Zozobra, así, termina siendo el gran poemario latinoamericano de las primeras dos décadas del veinte, y si debemos buscarle antecedentes o pares en otros ámbitos, tendremos que remontarnos a la obra de Jules Laforgue, del primer T.S. Eliot y, más lejanamente, de Rainer Maria Rilke. No debemos despreciar la importancia de la Antología de la poesía francesa moderna (1913), de Díez-Canedo y Fortín. Para terminar de precisar la poética del genio de Zacatecas, vuelvo a “El Candil”, poema que parece resumir bien la propuesta del libro (y la de López Velarde en general):

En la cúspide radiante
Que el metal de mi persona
Dilucida y perfecciona,
Y en que una mano celeste
Y otra de tierra me fincan
Sobre la sien la corona;
(…)
Soy activamente casto
Porque lo vivo y lo unánime
Se me ofrece gozoso como pasto;
(…)
He descubierto mi símbolo
En el candil en forma de bajel
Que cuelga de las cúpulas criollas
Su cristal sabio y su plegaria fiel.
(…)
¡Oh candil, oh bajel: Dios ve tu pulso
Y sabe que te anonadas
En las cúpulas sagradas
No por decrépito ni por insulso!
(…) y por ello ante el señor
Paralizas tu experiencia
Como el olor que da tu mejor flor.
(…)
Cristalizo sin sofismas
Las brasa de mi ígnea primavera,
(…)
Candil, que vas como yo
Enfermo de lo absoluto…

Puede verse aquí que las imágenes de suspensión física son abundantes y complejas; además, el yo poético las asume como reveladoras, especulares de una condición existencial y espiritual que no cesa de trastornarlo. El quietismo, el anonadamiento, lo paralizan por la fuerza de las dos pasiones antitéticas que lo agobian, no por la edad (“decrépito”) ni por la falta de espíritu (“insulso”). El poeta, transido de religiosidad, detiene su experiencia y la ofrece a lo divino; pero por otro lado confiesa la existencia de las “brasas de su ígnea primavera”, controladas, solo por ahora, en ese estado extático, de péndulo detenido (el candil) que anuncia el cese momentáneo de la hostilidad de la existencia quebrada.

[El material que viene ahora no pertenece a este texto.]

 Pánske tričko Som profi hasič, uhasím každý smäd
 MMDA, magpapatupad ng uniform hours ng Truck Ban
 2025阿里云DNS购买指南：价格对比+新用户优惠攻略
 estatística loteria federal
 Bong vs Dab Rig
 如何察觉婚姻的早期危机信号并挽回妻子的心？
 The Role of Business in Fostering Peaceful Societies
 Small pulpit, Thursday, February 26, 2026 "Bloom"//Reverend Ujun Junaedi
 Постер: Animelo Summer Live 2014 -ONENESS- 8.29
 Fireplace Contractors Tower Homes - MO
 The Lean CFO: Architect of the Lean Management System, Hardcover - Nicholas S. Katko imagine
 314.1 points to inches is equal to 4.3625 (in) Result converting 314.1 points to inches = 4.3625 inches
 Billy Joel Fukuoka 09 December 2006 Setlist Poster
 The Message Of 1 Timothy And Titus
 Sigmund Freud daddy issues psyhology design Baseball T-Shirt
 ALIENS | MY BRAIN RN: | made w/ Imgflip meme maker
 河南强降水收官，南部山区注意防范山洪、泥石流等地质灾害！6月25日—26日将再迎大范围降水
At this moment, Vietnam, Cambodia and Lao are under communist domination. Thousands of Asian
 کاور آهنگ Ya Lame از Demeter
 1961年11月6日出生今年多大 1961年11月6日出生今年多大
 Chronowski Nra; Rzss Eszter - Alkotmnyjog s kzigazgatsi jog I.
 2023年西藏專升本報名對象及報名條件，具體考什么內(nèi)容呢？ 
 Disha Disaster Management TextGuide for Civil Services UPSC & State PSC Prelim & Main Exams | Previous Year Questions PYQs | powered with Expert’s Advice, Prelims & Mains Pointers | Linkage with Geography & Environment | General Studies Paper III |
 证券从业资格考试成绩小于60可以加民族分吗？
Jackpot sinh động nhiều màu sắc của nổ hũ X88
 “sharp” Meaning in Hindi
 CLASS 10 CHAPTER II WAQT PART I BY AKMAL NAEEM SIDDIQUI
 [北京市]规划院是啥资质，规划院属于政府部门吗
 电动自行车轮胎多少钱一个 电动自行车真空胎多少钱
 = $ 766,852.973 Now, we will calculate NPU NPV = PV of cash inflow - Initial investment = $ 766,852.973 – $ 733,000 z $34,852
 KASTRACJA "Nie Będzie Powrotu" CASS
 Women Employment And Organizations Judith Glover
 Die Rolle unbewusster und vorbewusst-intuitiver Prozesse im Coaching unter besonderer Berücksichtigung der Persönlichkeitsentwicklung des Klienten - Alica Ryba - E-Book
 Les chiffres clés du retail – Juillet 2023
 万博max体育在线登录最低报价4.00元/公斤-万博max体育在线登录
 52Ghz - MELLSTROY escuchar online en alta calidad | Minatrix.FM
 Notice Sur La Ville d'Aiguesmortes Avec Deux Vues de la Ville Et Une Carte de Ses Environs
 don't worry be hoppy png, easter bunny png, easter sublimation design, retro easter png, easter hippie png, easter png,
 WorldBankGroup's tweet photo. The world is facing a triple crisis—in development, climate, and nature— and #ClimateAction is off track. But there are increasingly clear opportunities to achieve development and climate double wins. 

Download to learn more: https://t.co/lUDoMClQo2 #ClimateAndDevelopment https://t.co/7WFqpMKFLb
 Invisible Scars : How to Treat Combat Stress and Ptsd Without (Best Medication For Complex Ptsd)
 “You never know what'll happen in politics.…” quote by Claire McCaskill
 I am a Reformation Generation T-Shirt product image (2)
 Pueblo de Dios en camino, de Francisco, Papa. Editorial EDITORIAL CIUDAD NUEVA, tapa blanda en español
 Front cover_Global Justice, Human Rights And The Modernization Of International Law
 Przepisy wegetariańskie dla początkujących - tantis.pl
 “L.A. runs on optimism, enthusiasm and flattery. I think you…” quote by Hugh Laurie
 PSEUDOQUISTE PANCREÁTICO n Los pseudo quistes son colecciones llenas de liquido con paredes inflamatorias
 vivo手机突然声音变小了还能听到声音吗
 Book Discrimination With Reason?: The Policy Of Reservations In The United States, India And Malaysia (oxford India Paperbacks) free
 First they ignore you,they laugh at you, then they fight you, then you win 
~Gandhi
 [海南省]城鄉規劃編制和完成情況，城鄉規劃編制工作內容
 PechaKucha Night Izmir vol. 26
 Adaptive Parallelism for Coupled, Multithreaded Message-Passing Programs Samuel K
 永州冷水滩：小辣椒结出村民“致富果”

El candil como objeto, si nos atenemos a la tradición, participa del simbolismo de la lámpara y es, además, un axis mundi, por estar suspendido en posición vertical sobre la tierra. Simboliza por tanto la sabiduría y su irradiación, la luz trascendente. Como péndulo detenido, remite a la concentración y el temple espiritual, y como eje del mundo es a la vez vínculo entre el cielo y la tierra y referente universal (Diccionario de los símbolos, Chevalier, 2001). Los dos últimos versos de “El Candil” que he citado, explican casi meridianamente la posición espiritual de López Velarde: fue por la vida, sobre todo por la poesía –renovándola– “enfermo de lo absoluto”, admirando la “majestad de lo mínimo”, devoto trémulo de la eterna lucha de los contrarios. Fundó en ese camino, como dice el maestro José Luis Martínez, “una vertiginosa geografía de las pasiones y de la sensibilidad”. Una sensibilidad que reflejó, prematura y pura, nuestra modernidad, y prefiguró su correspondiente nueva forma poética.